Maika, Mimpi Menjadi Perusahaan Kelas Dunia

By nova.id, Minggu, 8 November 2015 | 03:01 WIB
Maika, mimpi menjadi perusahaan kelas dunia. (nova.id)

Jadi, setiap hari dalam hitungan detik saya bisa tahu berapa penjualan yang belum terpenuhi, 10 besar produk yang jadi bestseller, siapa distributor terbaik, dan sebagainya. Lantaran pekerjaan bertambah banyak, tanggung jawab juga semakin besar. Kalau semua pekerjaan hanya kami kerjakan berdua, kami tak sanggup. Itu sebabnya, setahun belakangan, kami mengelola perusahaan ini bertiga dengan bergabungnya Nindin M. Moersid, adik saya, yang menjadi COO di perusahaan kami.

Nindin menangani bagian operasional, suami saya menjadi CEO yang mengurus manajemen dan keuangan, sedangkan saya mengurus Research & Development(R&D) dan produksi. Layaknya sebuah bisnis, ada masa panen dan ada masa sepi dalam setahun. Bagi Maika, menjelang Lebaran merupakan saat paling sepi. Mungkin karena saat itu orang lebih fokus untuk membeli baju dan perlengkapan Lebaran lainnya.

Nah, menjelang anak masuk sekolah merupakan masa panen kami. Maika memang ditujukan bagi remaja mulai SMA, bahkan ibu-ibu muda. Ada juga produk yang kami sasarkan untuk usia di atas itu, tapi sifatnya hanya tambahan. Untuk kategori ini, kami membedakannya dari warna dan model tas.
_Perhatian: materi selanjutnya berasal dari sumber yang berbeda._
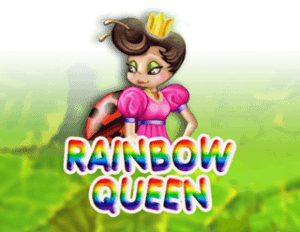 Rainbow Queen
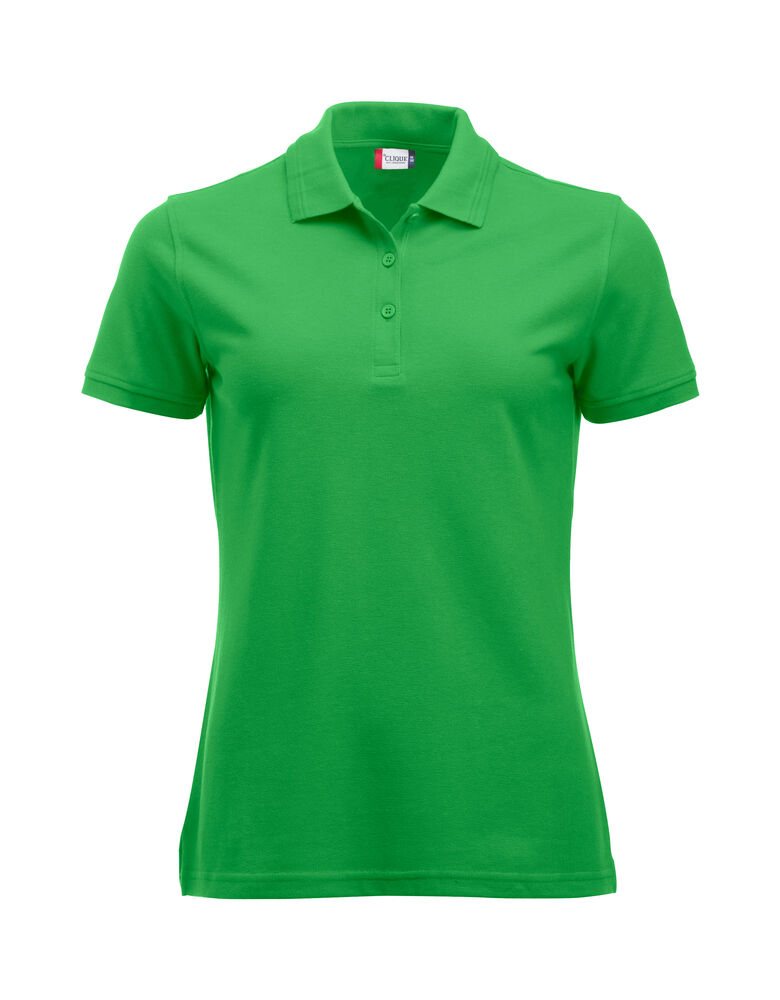 Manhattan Women Polo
Lalu, layaknya sebuah bisnis yang menjanjikan, muncul pula banyak kompetitor. Untuk wilayah Bandung dan Cimahi saja ada sekitar 20 merk. Ada yang hanya bisa bertahan 1-2 bulan, ada pula yang bisa bertahan lebih lama. Tak sedikit yang meniru produk kami. Tapi kami ikhlas desain kami dicontek orang lain. Rezeki kan, sudah diatur. Yang penting, merk kami tak dipakai karena Maika sudah dipatenkan.

Pernah kami mengirim surat somasi pada sebuah UKM di Jawa Timur yang memproduksi sandal dengan merk Maika. Akhirnya diganti.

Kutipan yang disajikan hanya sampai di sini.